I have got enough information from comments and a deleted answer from @AntoninLejsek that I can answer this myself.我从评论和@AntoninLejsek 删除的答案中获得了足够的信息,我可以自己回答这个问题。

TL;DR C++ compiler does much better job optimizing and C# managed array access costs a lot when done in loop.
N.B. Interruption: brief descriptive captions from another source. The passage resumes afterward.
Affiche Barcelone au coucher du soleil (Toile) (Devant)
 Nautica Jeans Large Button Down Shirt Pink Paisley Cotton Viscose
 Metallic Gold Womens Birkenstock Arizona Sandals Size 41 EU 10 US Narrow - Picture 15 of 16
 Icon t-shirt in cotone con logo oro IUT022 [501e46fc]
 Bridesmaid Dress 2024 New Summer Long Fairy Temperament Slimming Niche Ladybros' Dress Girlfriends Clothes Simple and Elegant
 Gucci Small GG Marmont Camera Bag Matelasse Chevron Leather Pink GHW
TL;DR C++ 编译器在优化方面做得更好,并且在循环中完成 C# 托管数组访问成本很高。 However unsafe code and fixed access is not enough to match C++.然而,不安全的代码和固定访问不足以匹配 C++。

It seems we need to optimize the C# code manually to get performance comparable to C++.看来我们需要手动优化 C# 代码才能获得与 C++ 相当的性能。

  1. Unroll loops展开循环
  2. Use unsafe code for fixed array access使用不安全代码进行固定数组访问
  3. Don't access the array repeatedly - rather store the item into local variable.不要重复访问数组 - 而是将项目存储到局部变量中。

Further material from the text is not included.